Я заливаюсь смехом под впечатлением этих слов; трезвый, лишенный сентиментальности анализ мотивов Корнелиуса, сделанный в такой добродушной форме, заставляет меня думать, что я страдаю паранойей, воображая вероломство там, где его нет. Я напоминаю себе, что вполне возможно, что Скотт на сто процентов отверг своего отца, и вполне возможно, что он любит Корнелиуса, не питая при этом никаких иллюзий на его счет. Одно из открытий, которое я с удивлением сделал в подростковом возрасте, заключалось в том, что, хотя я и испытывал отвращение к Корнелиусу, иногда он мне очень нравился и я даже восхищался им. Он мне нравился, когда, после того как я покинул Гротон, он прочел мне подстрекательскую лекцию о презервативах; он мне нравился, когда не только одобрил мой брак, но и стойко поддерживал меня на пути к алтарю. И я восхищаюсь тем, как стойко он переносит свою астму, никогда никому не жалуясь. Я бы очень хотел ненавидеть его на сто процентов, но не могу, и если я время от времени испытываю симпатию к Корнелиусу, то почему Скотт не должен испытывать подобные настроения? Со Скоттом все в порядке. Ему и полагается быть таким. Он просто обычный парень с несколько эксцентрическими привычками.
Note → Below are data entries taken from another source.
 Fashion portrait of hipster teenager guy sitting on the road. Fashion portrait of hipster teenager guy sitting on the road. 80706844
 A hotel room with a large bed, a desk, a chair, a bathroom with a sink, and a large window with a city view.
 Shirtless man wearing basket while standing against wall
Или нет? Почему у меня складывается такое чувство, словно Скотт действует по законам средневековой аллегории, в которой он играет в Возмездие, подкрадывающееся к Злу в погоне за святым Граалем Справедливости? Да, я определенно параноик. Весь этот средневековый хлам, с которым постоянно носится Скотт, должно быть, в конце концов повлиял и на меня. Мне надо взять себя в руки, иначе я поддамся искушению фантазировать в духе Кентерберийских рассказов.
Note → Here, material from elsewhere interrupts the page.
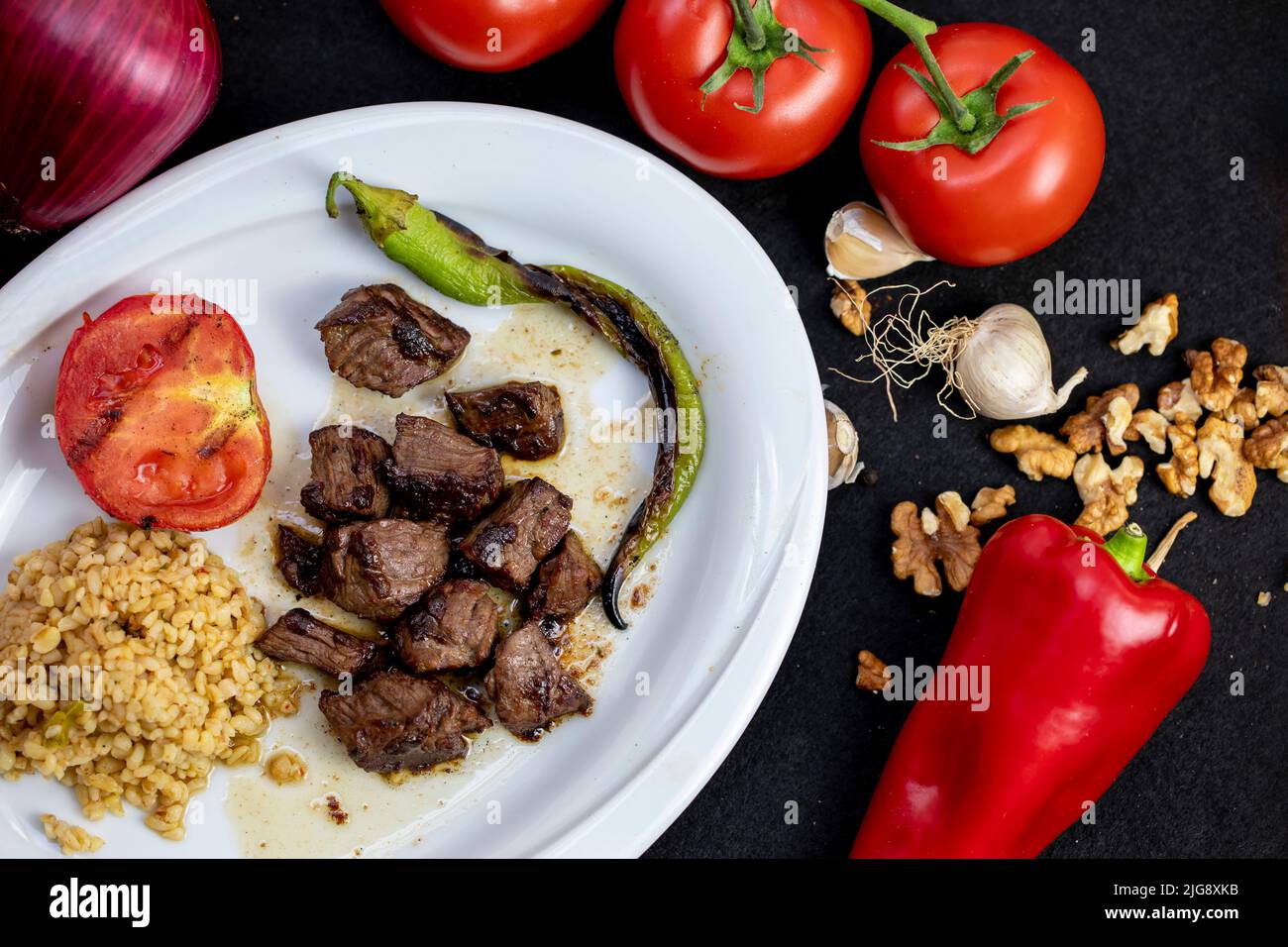 portions of cubed meat, served with tomatoes and roast vegetables on an plate Stock Photo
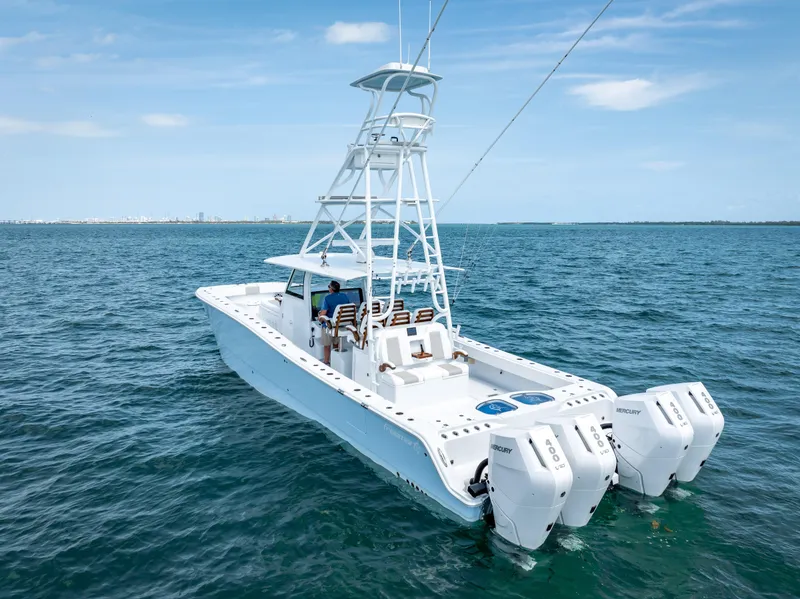 Slide: The Image of 2024 Freeman NEW QUAD V10s 400 HP boat cruising on open water. - 18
— Каким был твой отец, Скотт? — вдруг говорю я неожиданно для самого себя. — Все говорят о нем так, как будто он был просто обычным рыжеголовым ирландцем-выпивохой, но он, должно быть, был намного сложнее.
— Он не был ирландцем. Он смотрел на мир англосаксонскими глазами и считал, что его ирландское имя не более чем простая случайность.
На этом месте мы переходим на привычную тему. В первое время после женитьбы на Эльзе я чувствовал себя как представитель преследуемой расы, и мы со Скоттом проводили немало времени, беседуя о древних расах мира.
— Но разве в твоем отце не было ничего кельтского? — лениво спрашиваю я, готовясь насладиться еще одним набегом на старую этническую территорию.
— Черт, конечно же нет! — смягчаясь, говорит Скотт. — Он знал только один мир, одно время и одну реальность — точка зрения, которую англосаксы называли «логической» или «прагматической» и которая сегодня доминирует в западном мире.
— Моя точка зрения, — улыбаясь ему, говорю я.
— Да, твоя точка зрения. Но не моя.
Он сделал это. Невероятно, но он сделал это. Он совершил ошибку. Лучик света проскользнул сквозь ставни, и я успел заглянуть в его непроницаемый загадочный внутренний мир.